Because of this, early uniforms for crew and pilots were also often military-inspired, featuring stripes, pilot wings, and caps (some of these elements persist in uniforms today). The work was also often physically demanding, with the crew being asked to help haul luggage and row the passengers into shore from seaplanes. The first flight attendant for Pan Am was a man, Amaury Sanchez, and before the airline advertised stewardesses in miniskirts it advertised itself, in 1933, with “Rodney, the smiling steward.”
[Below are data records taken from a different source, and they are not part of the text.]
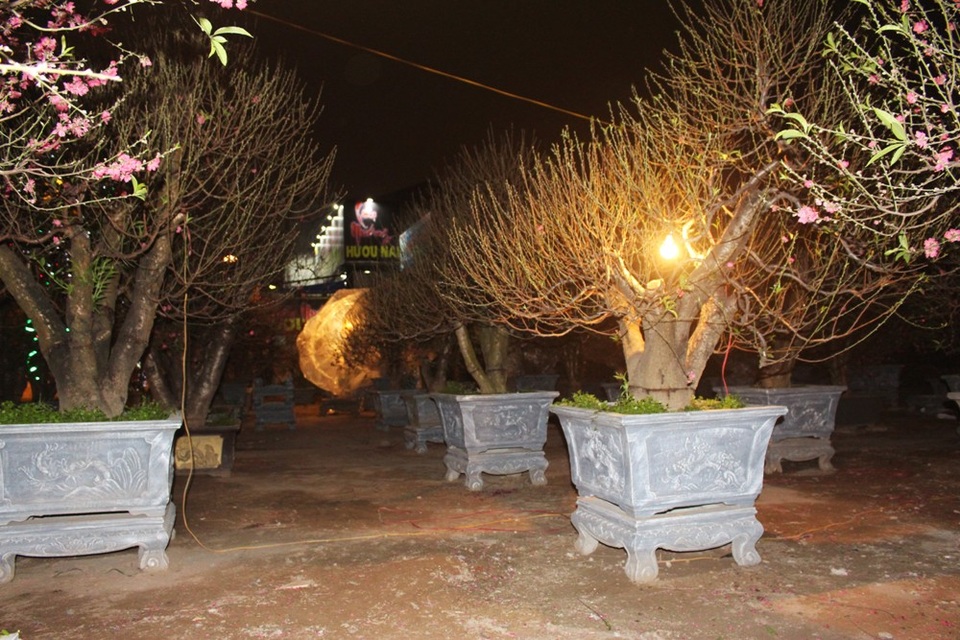 Người Hà Nội đốt củi sưởi ấm, thức trắng đêm trông đào giữa giá rét - 12
“Có hôm bận quá, chạy đi chạy lại mấy chỗ nên đến tận tối muộn mà vẫn chưa kịp chuyển cây đào thất thốn hay cây đào rừng có giá trị lớn vào nhà. Làm việc gì cũng thấy lo ngay ngáy, chỉ sợ có người đi qua chạm mạnh hoặc đưa tay bẻ cành là coi như công cốc”, người này nhớ lại.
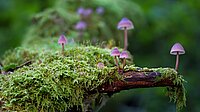 Eintauchen in den Wald – zur Ruhe kommen im eigenen Atem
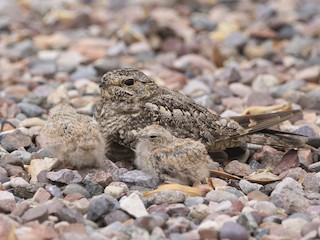 Lesser Nighthawk - Chordeiles acutipennis - Birds of the World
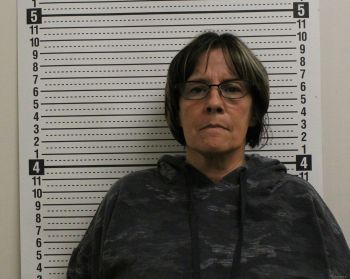 Crystal Lee Park Mugshot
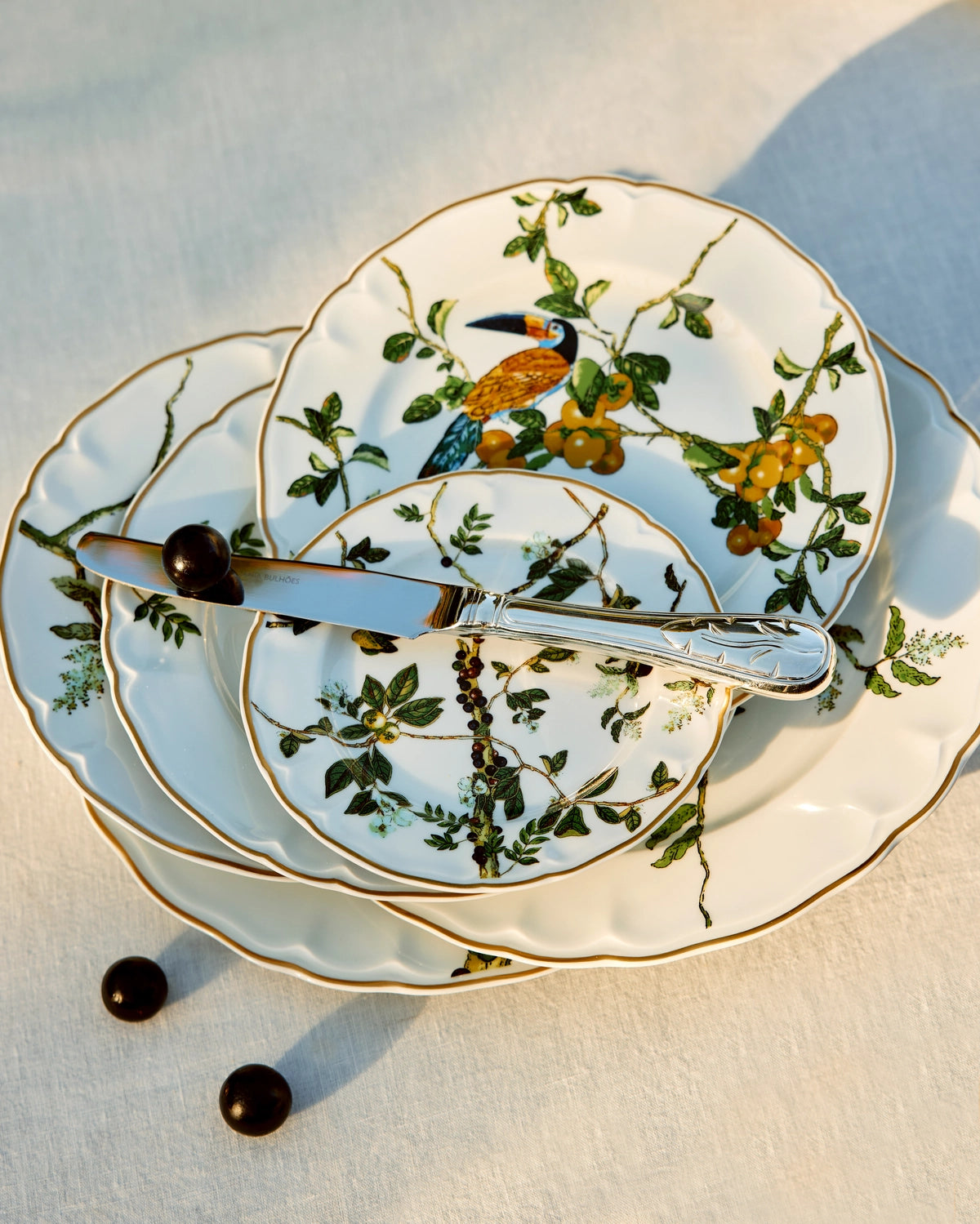 Soup Plate Passaros do Brasil (4)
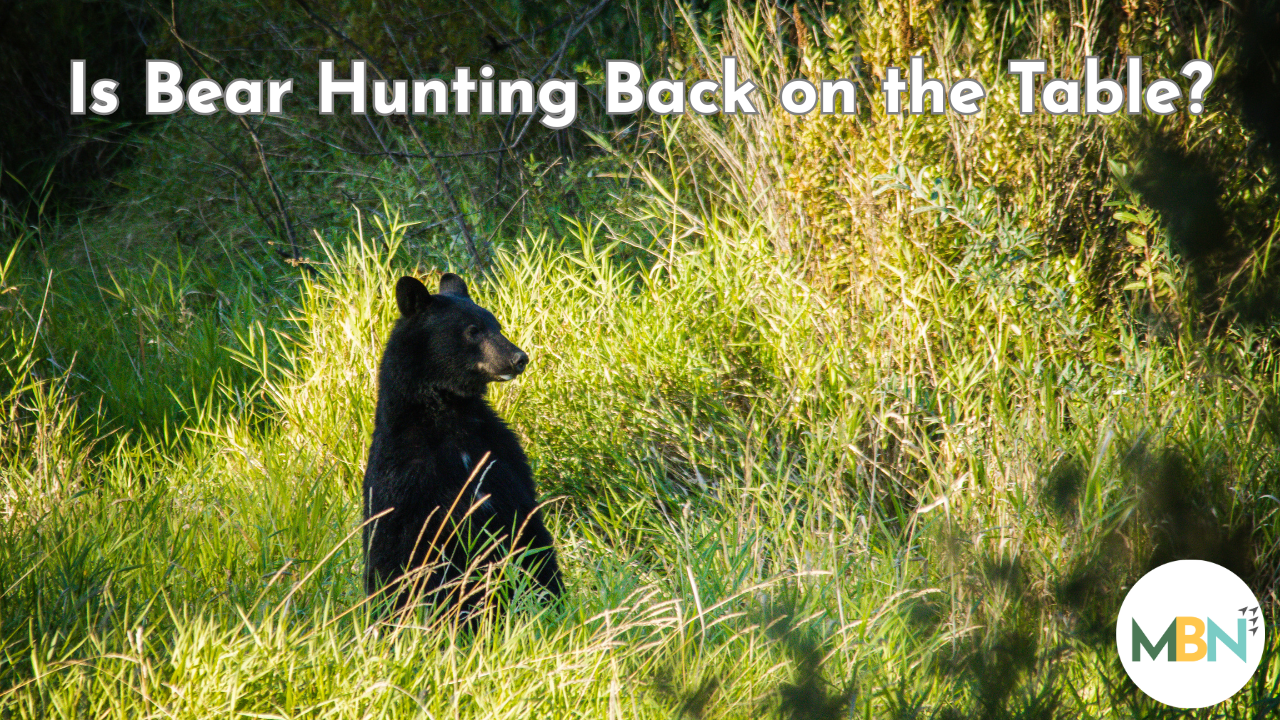 Florida black bear standing in tall grass, looking to the side in a sunlit forest clearing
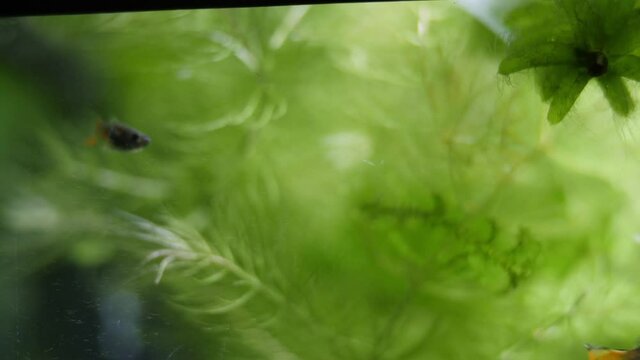 Static shot of an aquarium with plants like Ceratophyllum, Elodea Canadensis, in the background and swimming Poecilia reticulata fish in the foreground.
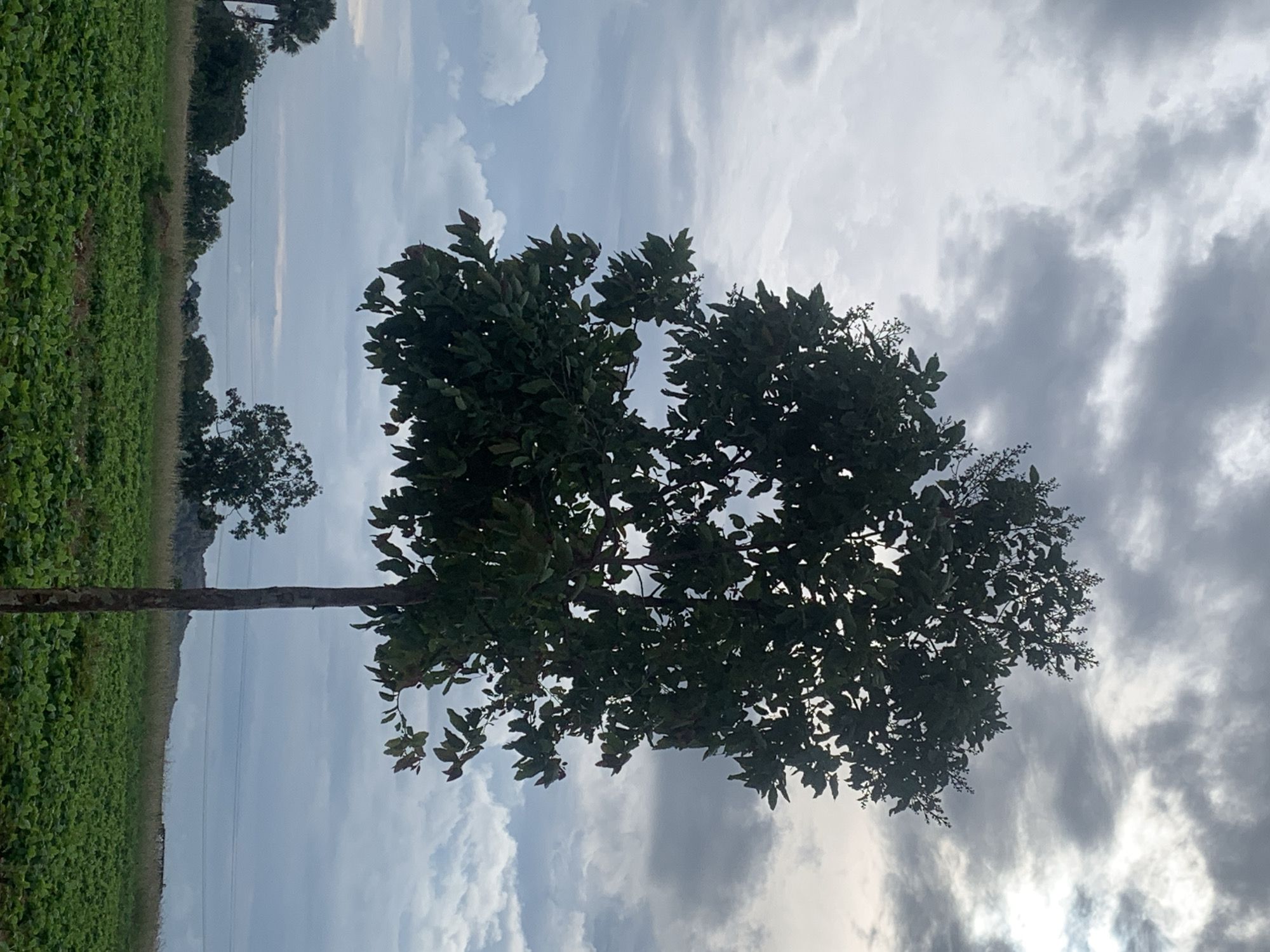 This is a horizontal, medium-shot, eye-level photograph taken outdoors in Kuru Karama, Nigeria. The image depicts a solitary, mature tree with dark green leaves and a thin, brown trunk standing prominently in the foreground. The tree's canopy is dense and full. Behind the tree, a vast, green field of crops stretches into the distance. The field is lush and appears to be well-maintained.
In the mid-ground, a scattering of other trees and foliage are visible, including a distant palm tree to the left and a cluster of trees further back. Power lines can be seen strung across the horizon, intersecting with the landscape. The background is dominated by a dramatic sky filled with a mixture of heavy, dark gray clouds and patches of brighter, white clouds, suggesting an overcast or impending weather event. The overall impression is one of a rural, agricultural landscape under a moody sky. There are no people or animals visible in the frame. The scene appears still and quiet.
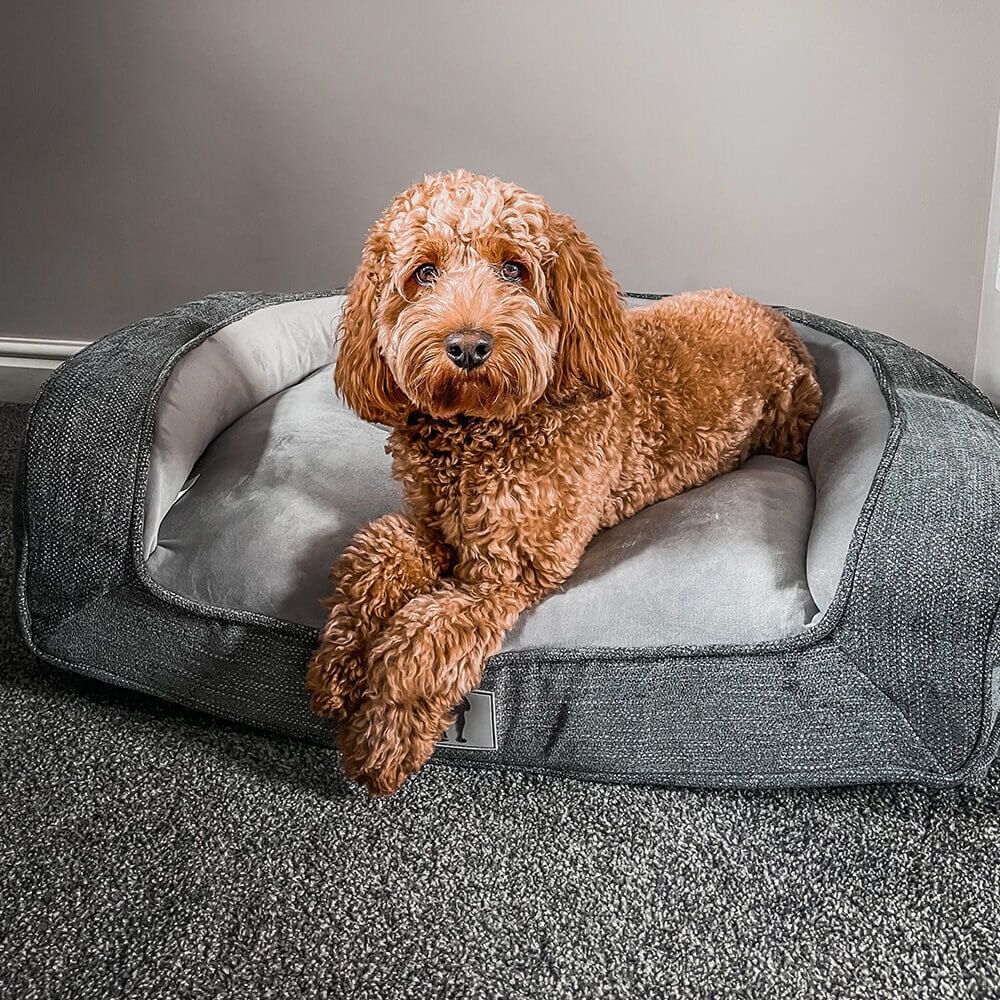 Plush Orthopedic Pet Sofa Bed with Bolstered Edges – Ultra-Soft Sponge Filled Luxury Dog and Cat Couch, Waterproof Inner Liner & Removable Washable Cover for Medium-Sized Pets Up to 35kg (Pink)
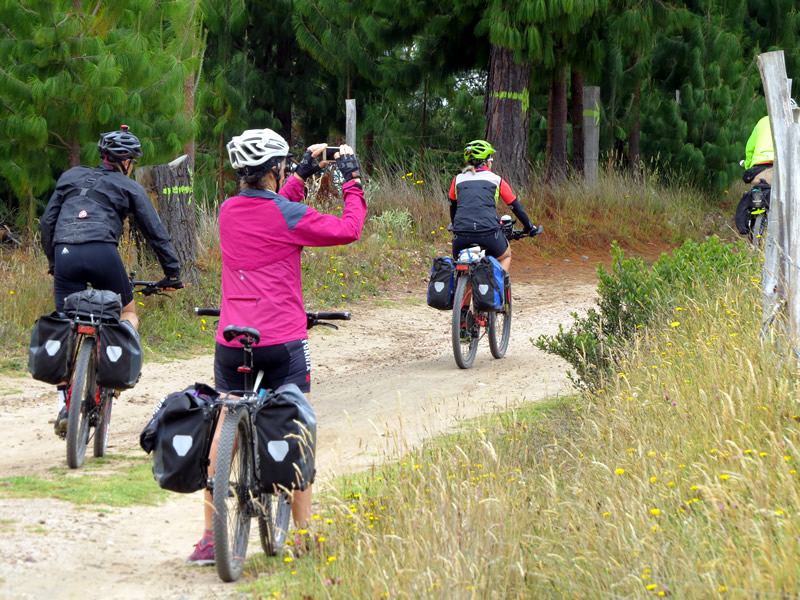Fin de semana con música, teatro y paseos guiados en Posadas 5 bicis - 4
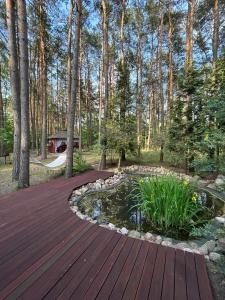 una terraza de madera con un estanque en un patio en Brzozowy zakątek, en Królewo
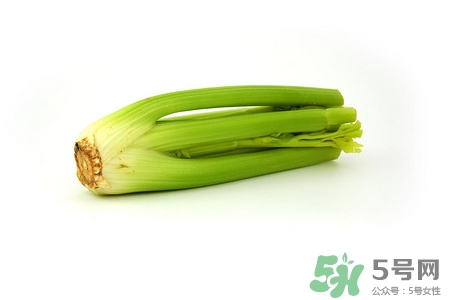 芹菜的藥用價(jià)值有哪些?芹菜能治什么病 芹菜的藥用價(jià)值有哪些?芹菜能治什么病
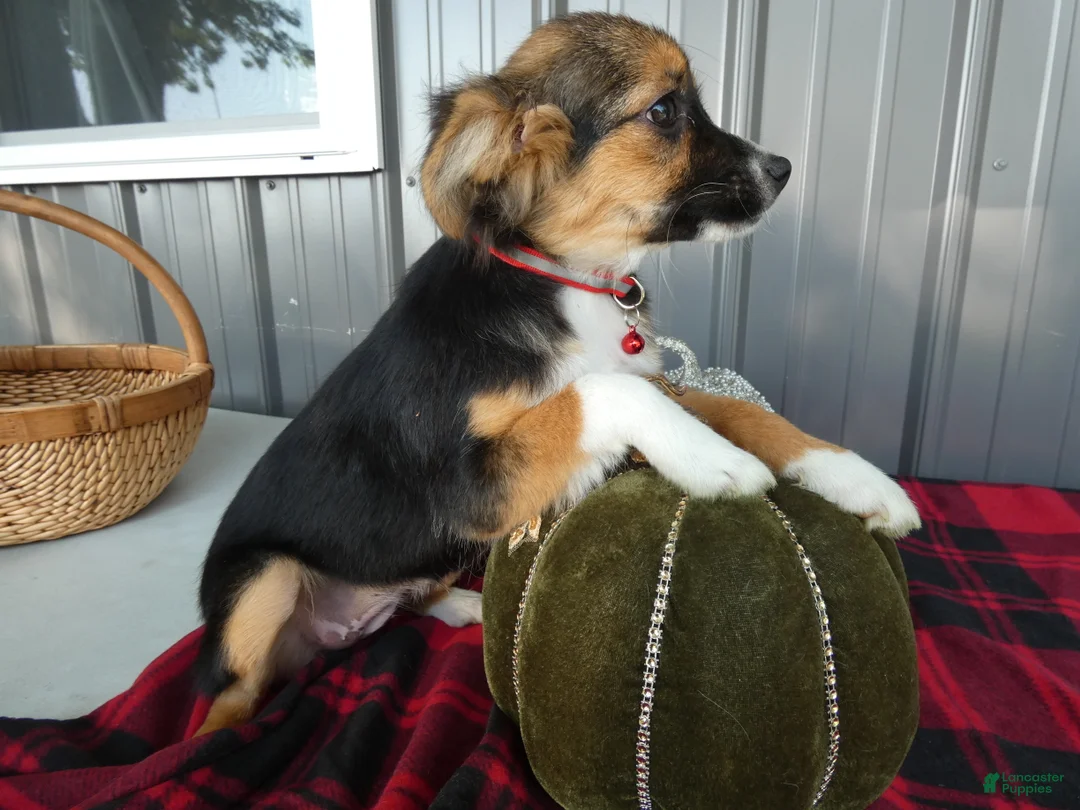 Miniature Australian Shepherd dogs for sale: Miniature Australian Shepherd 1 Serena - Ad 2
However, the responsibilities of the stewards in flight were often more stereotypically feminine—a steward might, for example, lend a hand in changing a diaper—and it was only a few years before it began to be seen as a woman’s job. The woman who broke down the cabin doors was Ellen Church, the first female flight attendant, who had been trained as a pilot but who only found work with Boeing Air Transport (the predecessor to United Airlines) as a stewardess. She was able to convince Boeing to hire her in part because she was also a registered nurse, and soon other airlines also saw nurses as ideal candidates, as long as they were also young, unmarried, and in possession of a dainty figure.